Your goal:
Note on the material below: return exactly the lines from the line that holds "TAMIYA 51289 บอดี้" through the line that holds "Residuos Posconsumo Pdf", and leave out each picture.
::: Information supplied :::
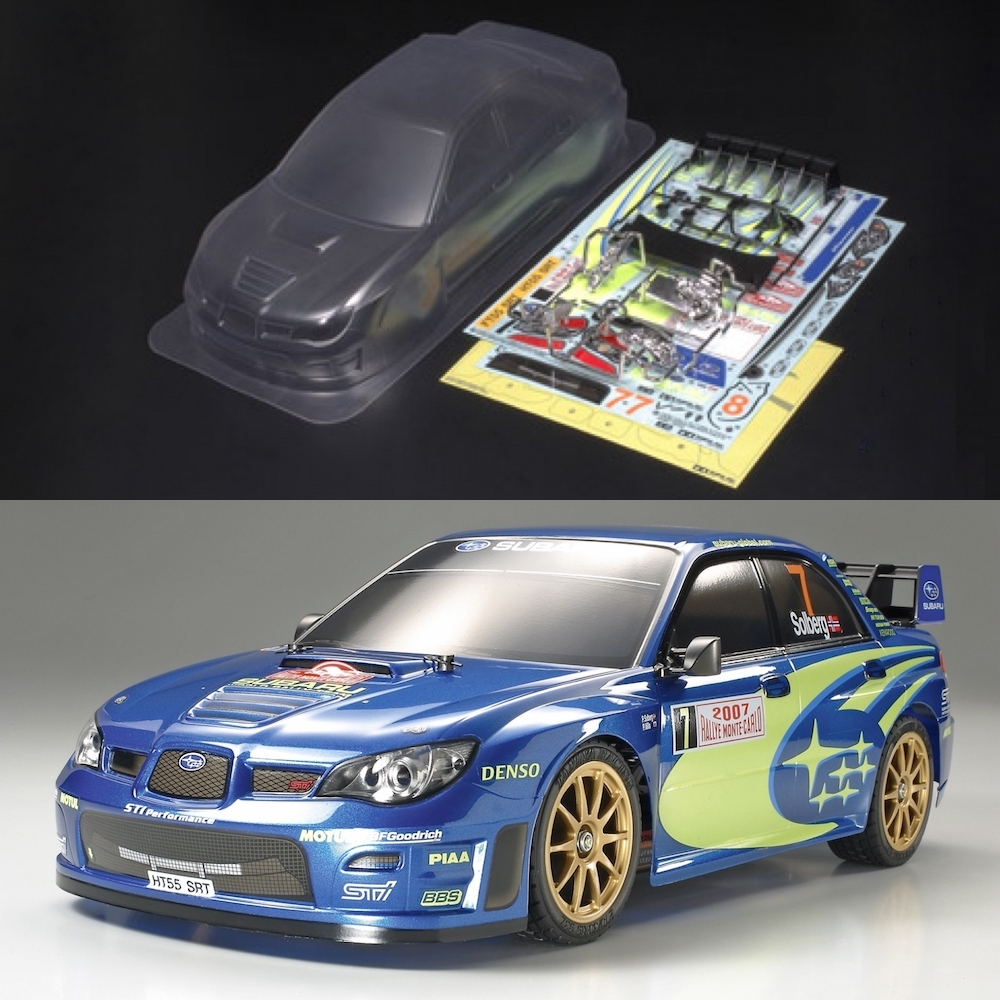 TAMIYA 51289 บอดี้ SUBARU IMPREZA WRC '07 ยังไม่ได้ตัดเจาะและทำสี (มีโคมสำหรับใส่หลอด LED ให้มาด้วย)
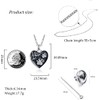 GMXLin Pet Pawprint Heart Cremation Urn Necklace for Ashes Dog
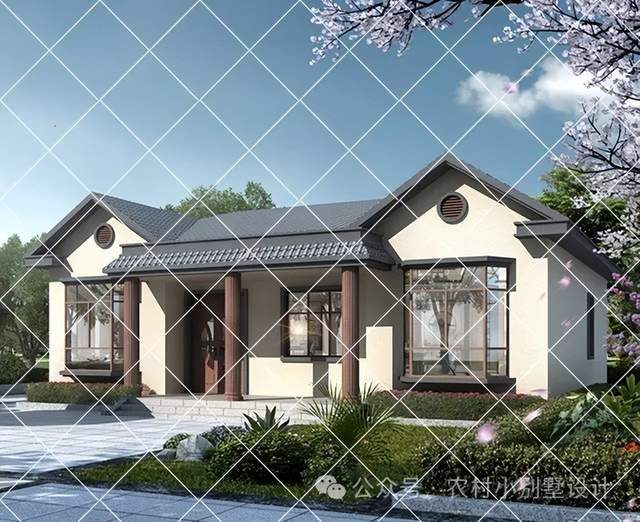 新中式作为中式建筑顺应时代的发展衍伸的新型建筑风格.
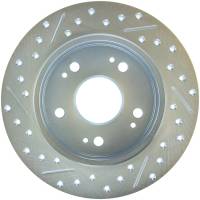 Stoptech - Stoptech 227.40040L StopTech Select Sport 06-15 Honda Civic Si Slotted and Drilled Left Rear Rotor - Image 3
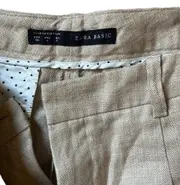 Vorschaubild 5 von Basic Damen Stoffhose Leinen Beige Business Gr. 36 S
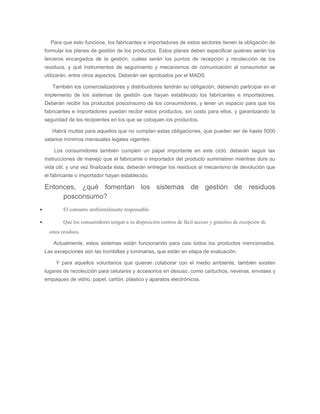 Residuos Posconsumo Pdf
:::
::: Information supplied :::
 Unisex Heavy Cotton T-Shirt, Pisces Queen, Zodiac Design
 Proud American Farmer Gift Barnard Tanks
:::
::: Information supplied :::
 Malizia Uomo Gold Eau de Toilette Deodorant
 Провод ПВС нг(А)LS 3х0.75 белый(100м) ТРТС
:::
Solved exercise:
 TAMIYA 51289 บอดี้ SUBARU IMPREZA WRC '07 ยังไม่ได้ตัดเจาะและทำสี (มีโคมสำหรับใส่หลอด LED ให้มาด้วย)
 GMXLin Pet Pawprint Heart Cremation Urn Necklace for Ashes Dog
 新中式作为中式建筑顺应时代的发展衍伸的新型建筑风格.
 Stoptech - Stoptech 227.40040L StopTech Select Sport 06-15 Honda Civic Si Slotted and Drilled Left Rear Rotor - Image 3
 Vorschaubild 5 von Basic Damen Stoffhose Leinen Beige Business Gr. 36 S
 Residuos Posconsumo Pdf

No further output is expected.